_GIVEN ENTRIES_:

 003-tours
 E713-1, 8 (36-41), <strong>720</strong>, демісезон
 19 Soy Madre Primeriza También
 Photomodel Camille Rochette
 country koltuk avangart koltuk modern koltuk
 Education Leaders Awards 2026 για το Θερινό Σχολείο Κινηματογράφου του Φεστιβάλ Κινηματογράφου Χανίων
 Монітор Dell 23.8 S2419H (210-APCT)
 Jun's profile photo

---

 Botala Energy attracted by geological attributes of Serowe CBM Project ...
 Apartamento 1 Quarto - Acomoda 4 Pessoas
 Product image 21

...

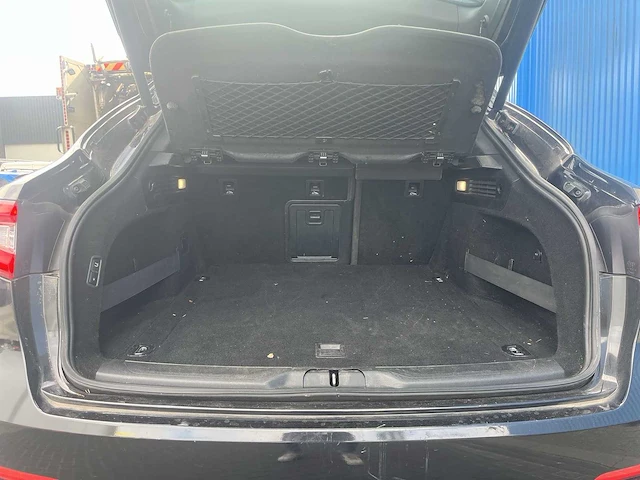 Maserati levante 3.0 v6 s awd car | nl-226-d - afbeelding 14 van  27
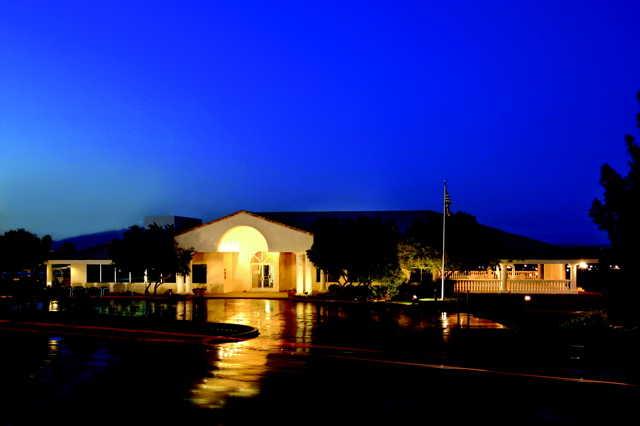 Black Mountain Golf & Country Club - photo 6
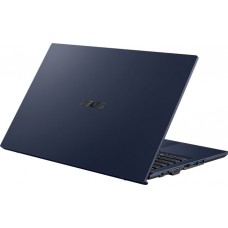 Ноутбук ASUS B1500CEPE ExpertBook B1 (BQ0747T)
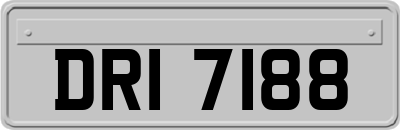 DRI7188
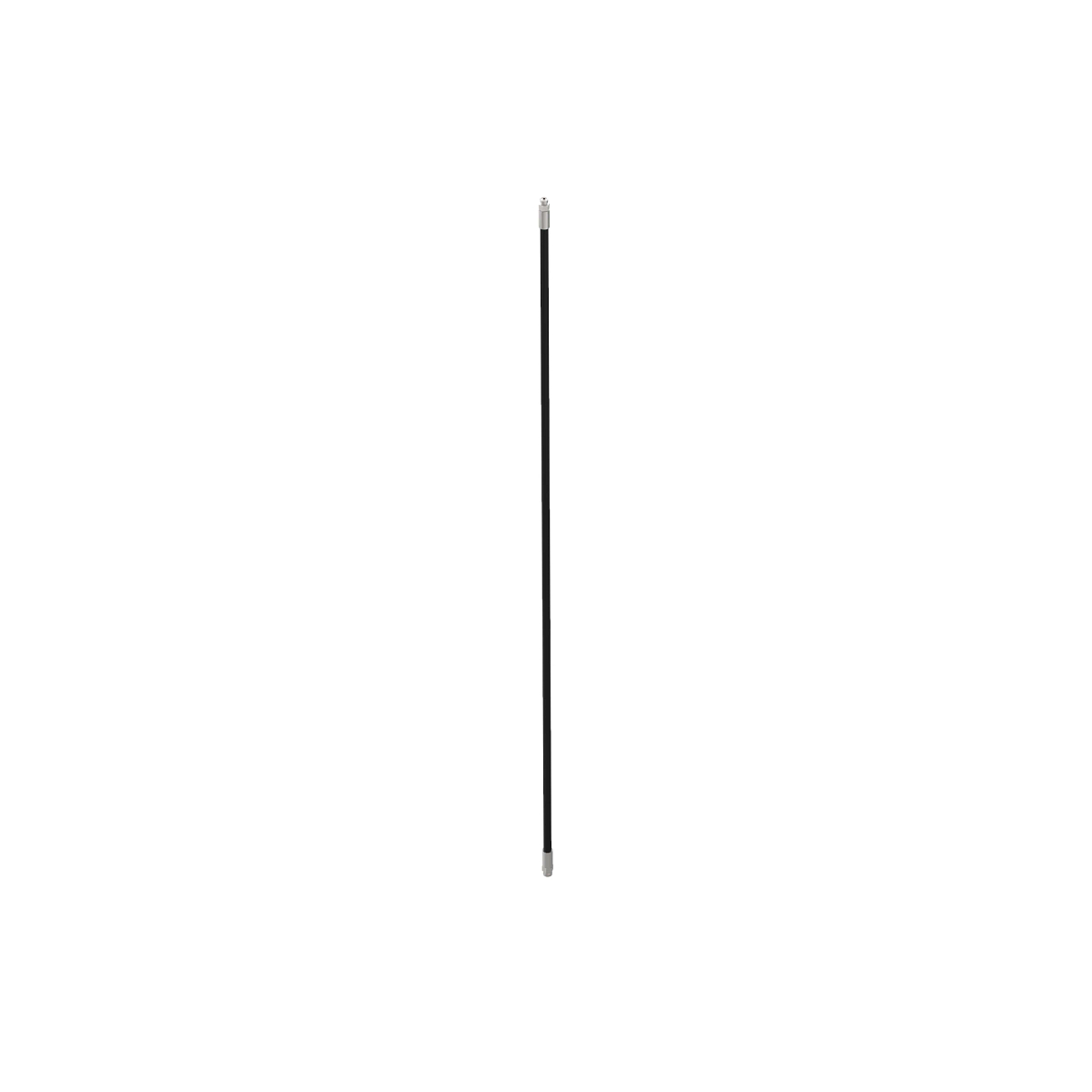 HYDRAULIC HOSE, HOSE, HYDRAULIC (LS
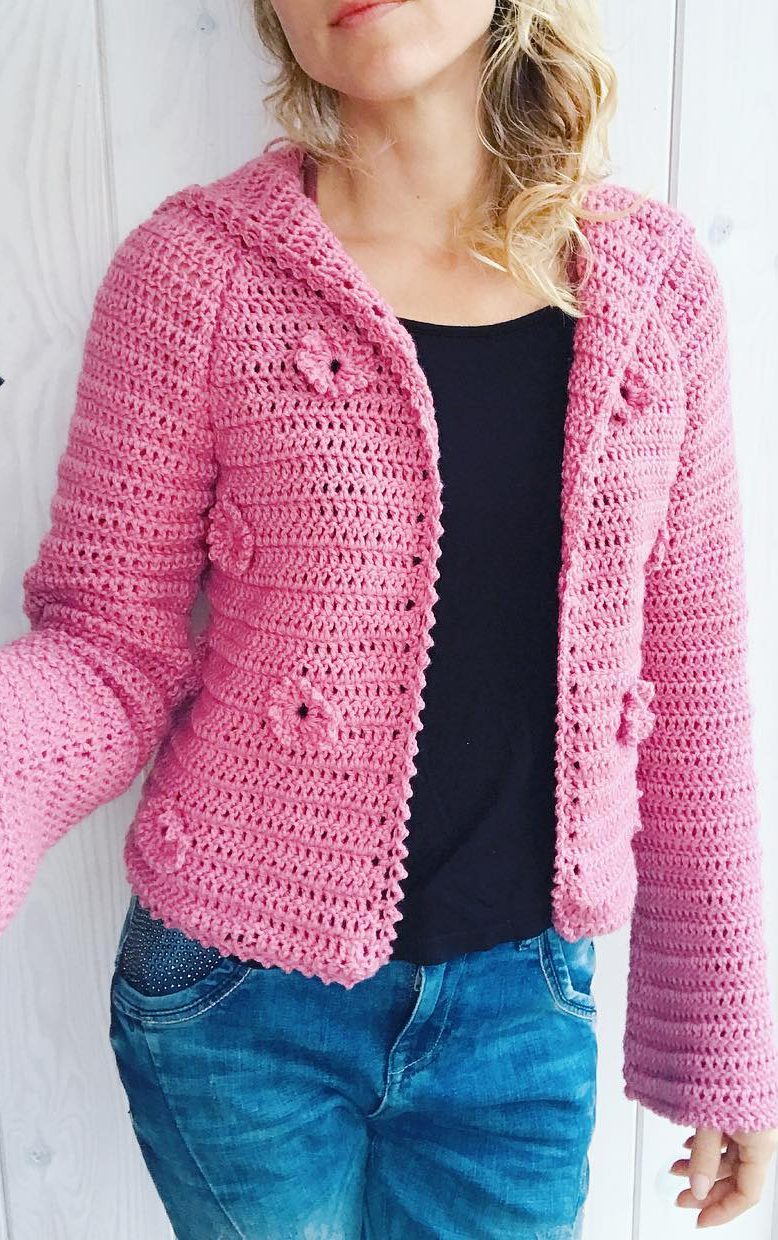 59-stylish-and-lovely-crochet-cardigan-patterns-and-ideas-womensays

_ABOUT THIS EXERCISE_: For this exercise, repeat exactly the lines of the data above from the one with "Botala Energy attracted" down to the one with "Product image 21", both end lines included.

_ANSWER FOR THE TASK_:
 Botala Energy attracted by geological attributes of Serowe CBM Project ...
 Apartamento 1 Quarto - Acomoda 4 Pessoas
 Product image 21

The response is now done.